• **What the task asks**: Report each line of the entries that includes "With" by copying it.

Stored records
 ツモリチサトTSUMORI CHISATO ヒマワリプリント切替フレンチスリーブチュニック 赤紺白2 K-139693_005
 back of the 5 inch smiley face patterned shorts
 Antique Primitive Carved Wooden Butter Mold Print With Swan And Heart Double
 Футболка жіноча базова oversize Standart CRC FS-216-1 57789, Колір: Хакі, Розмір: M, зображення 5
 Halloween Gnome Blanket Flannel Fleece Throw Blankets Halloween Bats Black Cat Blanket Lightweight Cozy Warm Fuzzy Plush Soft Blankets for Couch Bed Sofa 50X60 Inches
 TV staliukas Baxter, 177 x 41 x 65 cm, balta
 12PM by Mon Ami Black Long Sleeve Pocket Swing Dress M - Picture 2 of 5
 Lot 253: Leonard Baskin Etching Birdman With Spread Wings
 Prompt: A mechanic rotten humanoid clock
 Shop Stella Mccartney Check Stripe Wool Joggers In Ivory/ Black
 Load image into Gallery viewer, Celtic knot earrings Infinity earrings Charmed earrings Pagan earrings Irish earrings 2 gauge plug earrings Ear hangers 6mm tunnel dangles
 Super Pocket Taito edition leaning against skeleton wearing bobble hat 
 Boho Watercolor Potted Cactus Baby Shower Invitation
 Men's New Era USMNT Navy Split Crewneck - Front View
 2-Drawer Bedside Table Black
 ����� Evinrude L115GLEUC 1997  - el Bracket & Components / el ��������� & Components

• **Answer box**:
 Antique Primitive Carved Wooden Butter Mold Print With Swan And Heart Double
 Lot 253: Leonard Baskin Etching Birdman With Spread Wings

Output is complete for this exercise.